Tuesday, May 3, 2011

Romanian Central Bank May Leave Benchmark Rate at European Union’s Highest

Romania’s central bank will leave its benchmark interest rate unchanged for the eighth meeting as the European Union’s highest borrowing costs boost the leu, helping combat inflation, a survey showed.

The Banca Nationala a Romaniei will leave its monetary policy rate at 6.25 percent today, according to all 11 economists in a Bloomberg survey. The bank will announce its decision after 11 a.m. in Bucharest.

Central banks around the world are struggling to rein in accelerating inflation as global food and oil price rise amid turmoil in the Middle East. Romania raised its value-added tax last year to generate revenue and narrow the budget deficit, prompting the monetary policy makers to halt a rate-cut cycle aimed at helping the economy recover from a recession.

“The exchange rate appears to be a more efficient instrument than the policy rate in containing inflation pressures, and so it is likely for the central bank to focus more on it,” Raiffeisen Romania SA economist Nicolae Covrig wrote in a note to clients before the decision.

The leu has gained 4 percent against the euro in the past three months, the best performance among more than 20 emerging- market currencies tracked by Bloomberg. It traded at 4.0929 as of 6:57 p.m. yesterday in Bucharest.
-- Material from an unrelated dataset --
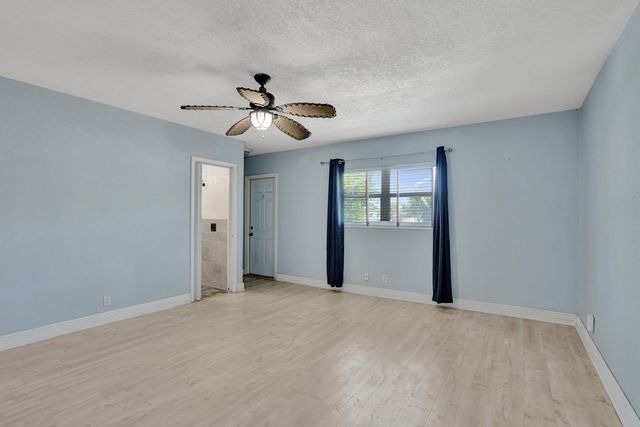 2734 NE 27th Court 17, Lighthouse Point, FL 33064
The central bank may allow the leu strengthen to help bring the inflation rate within its target this year, Catalin Pauna, the World Bank’s economist to the country, said in a Bloomberg interview on April 19.
Halting Cuts

Several countries in the region, including Hungary, Poland and Russia have started raising interest rates since last year to slow price increases. The European Central Bank last month boosted borrowing costs for the first time in almost three years.

Romanian policy makers stopped cutting the rate in June 2010 after lowering it four times to combat the worst recession in two decades and contain price growth after a 5 percentage- point increase in the VAT to 24 percent boosted consumer prices.

The inflation rate rose to 8 percent in March from 7.6 percent in February, the highest in 2 1/2 years, on rising food and fuel costs.

“Due to rising risks on the inflation front and the deterioration in forward-looking expectations, we believe that the central bank is more likely to keep rates on hold in 2011,” Istanbul-based Citigroup Inc. economists Ilker Domac and Gultekin Isiklar wrote in a note to clients.

Inflation to Slow

The central bank, which aims to keep price growth between 2 percent and 4 percent this year, may raise raise its 2011 inflation forecast to as much as 5 percent from 3.6 percent, Adrian Vasilescu, an adviser to Governor Mugur Isarescu, said on April 12. Inflation will probably slow “substantially” in the second half of the year, Pauna said.

The central bank lowered foreign-exchange reserve requirements by 5 percentage points to 20 percent on March 31, leaving commercial banks including Banca Comerciala Romana SA, owned by Erste Group Bank AG, BRD-Groupe Societe Generale (BRD) SA and Banca Transilvania (TLV) SA more money to lend to spur the economy.